[Opening INFORMATION PROVIDED section]

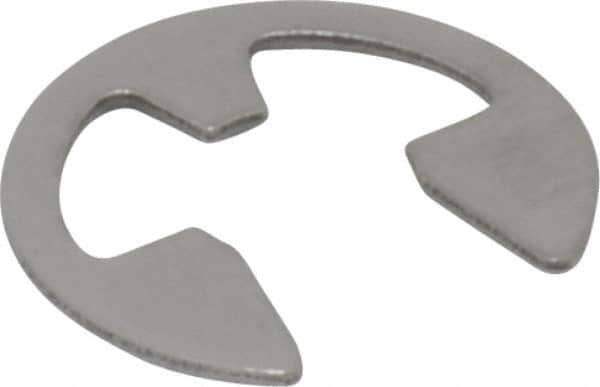 Rotor Clip - 5.33mm Groove Diam, 1/4" Shaft Diam, Passivated Stainless Steel, E Style External Retaining Rings - 0.029" Groove Width, 0.02" Groove Depth, 0.025" Ring Thickness, Grade 15-7 Grade 632 - Eagle Tool & Supply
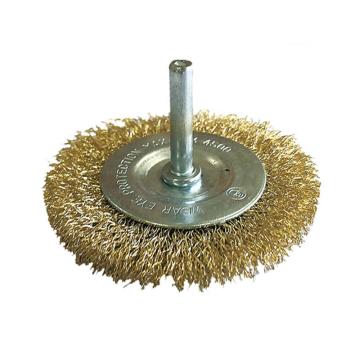 库兰 带柄钢丝轮，铜丝75mm，0.3mm丝径，6mm杆，镀锌，RPM4500 5307506330
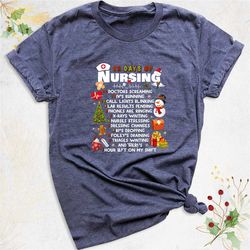 12 days of nursing christmas shirt, nurse christmas tshirt, nurse shirts, nursing shirt, christmas nurse t- shirt, funny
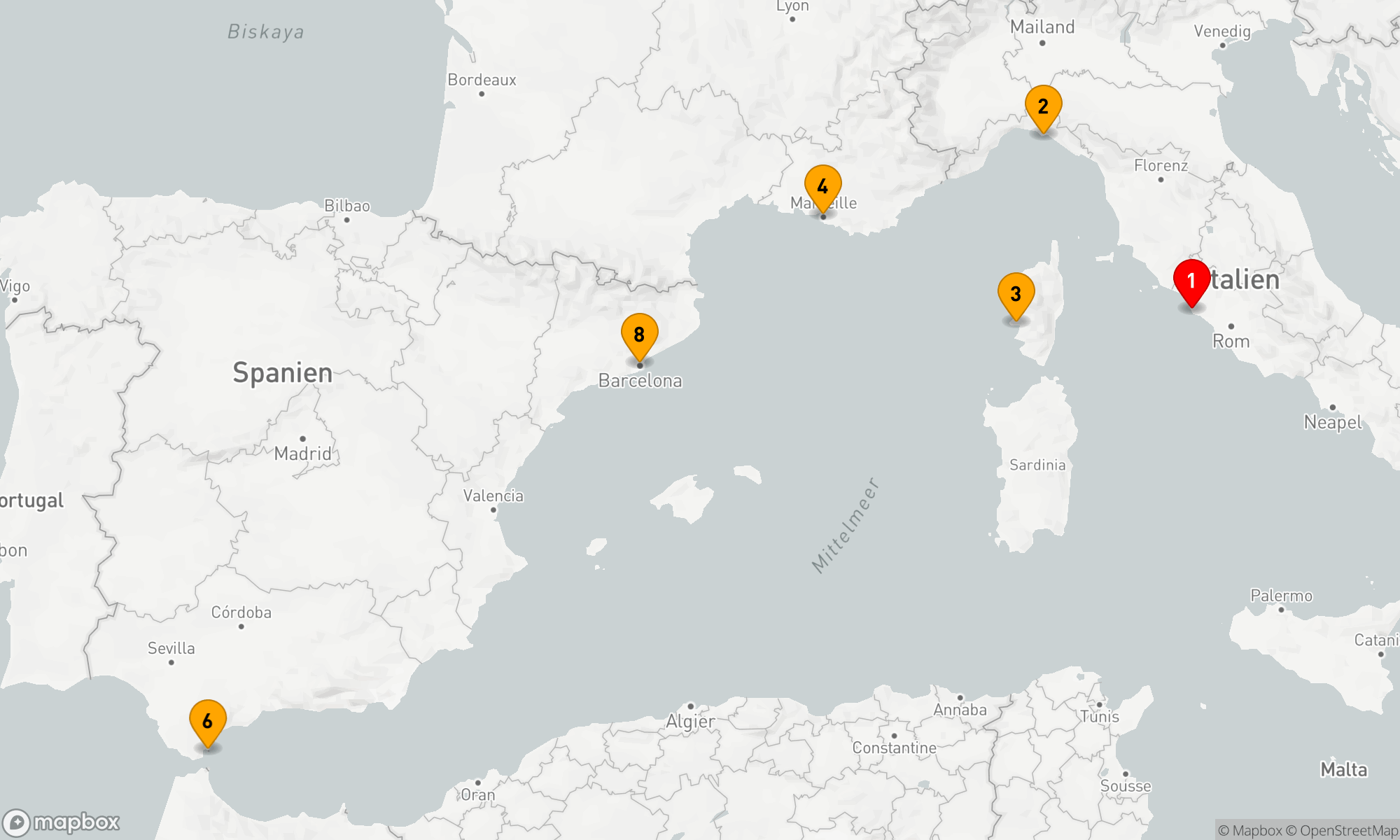 Route 7 Nächte - WESTLICHES MITTELMEER MIT GESCHICHTSKANAL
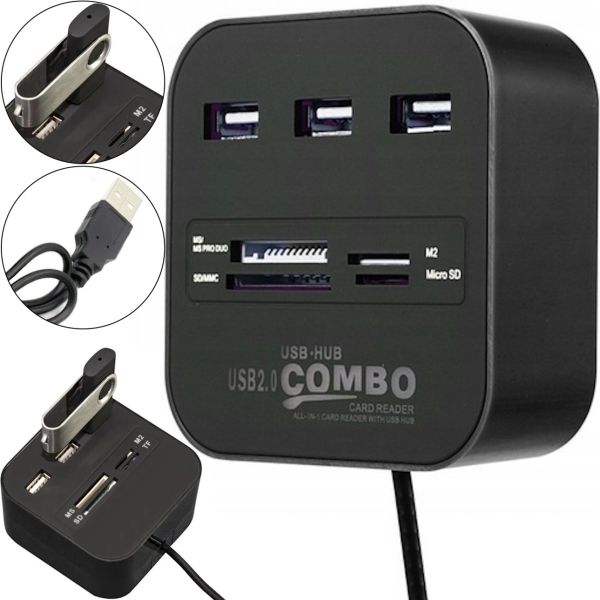 Разветвитель USB Hub Combo C329 7в1 MicroSD MS M2 MMC, Концентратор хаб картридер 3 юсб порта до 480 Мбит/с для компьютера и ноутбука Черный
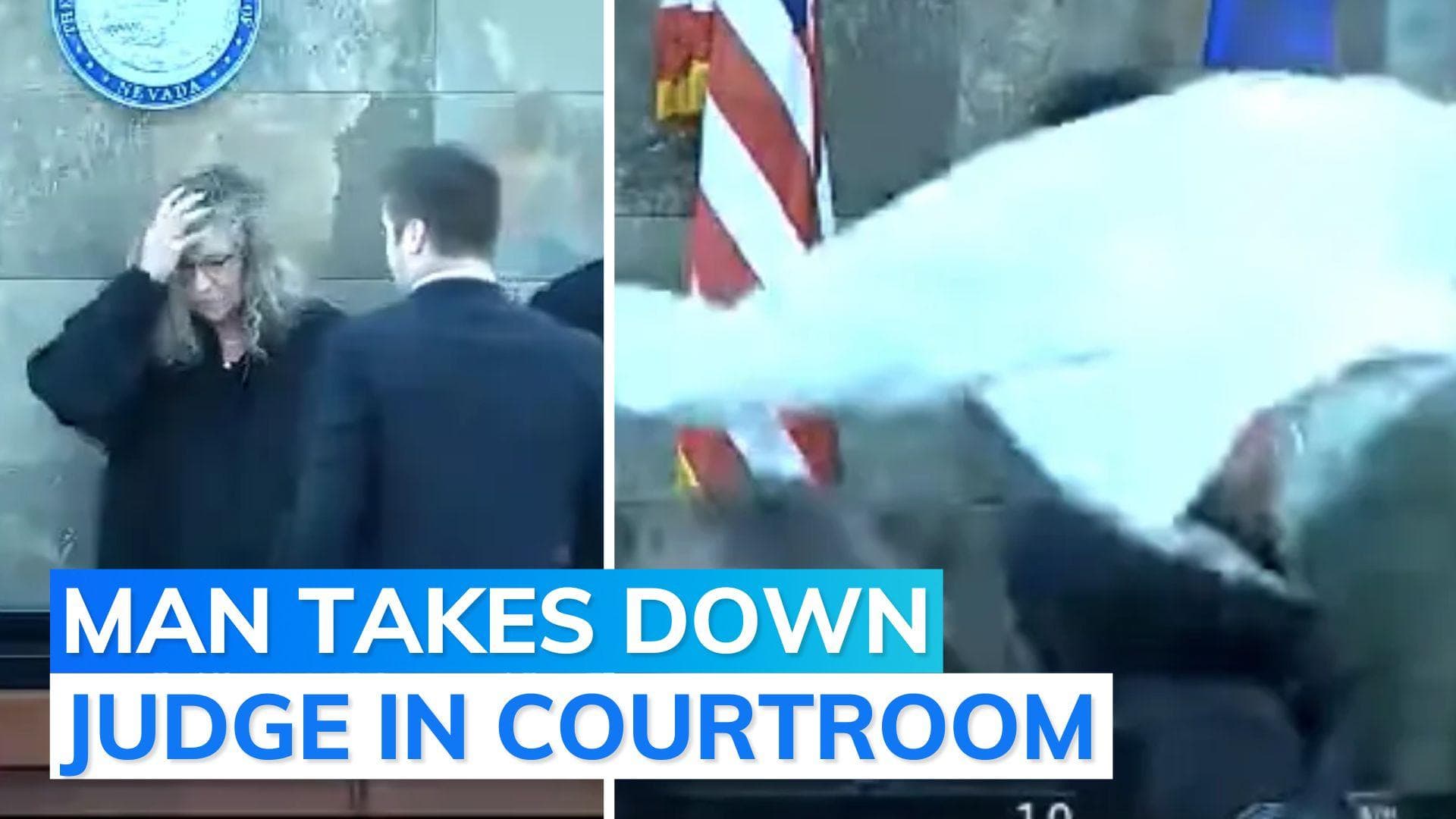 Watch: US judge attacked by defendant during sentencing in Vegas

[Closing INFORMATION PROVIDED section]

[ASSIGNMENT] The required answer is every line from the one containing "库兰 带柄钢丝轮，铜丝75mm，0.3mm丝径，6mm杆，镀锌，RPM4500 5307506330" through the last line of the entries, restated word for word and with no pictures.

[OUTPUT BELOW]
 库兰 带柄钢丝轮，铜丝75mm，0.3mm丝径，6mm杆，镀锌，RPM4500 5307506330
 12 days of nursing christmas shirt, nurse christmas tshirt, nurse shirts, nursing shirt, christmas nurse t- shirt, funny
 Route 7 Nächte - WESTLICHES MITTELMEER MIT GESCHICHTSKANAL
 Разветвитель USB Hub Combo C329 7в1 MicroSD MS M2 MMC, Концентратор хаб картридер 3 юсб порта до 480 Мбит/с для компьютера и ноутбука Черный
 Watch: US judge attacked by defendant during sentencing in Vegas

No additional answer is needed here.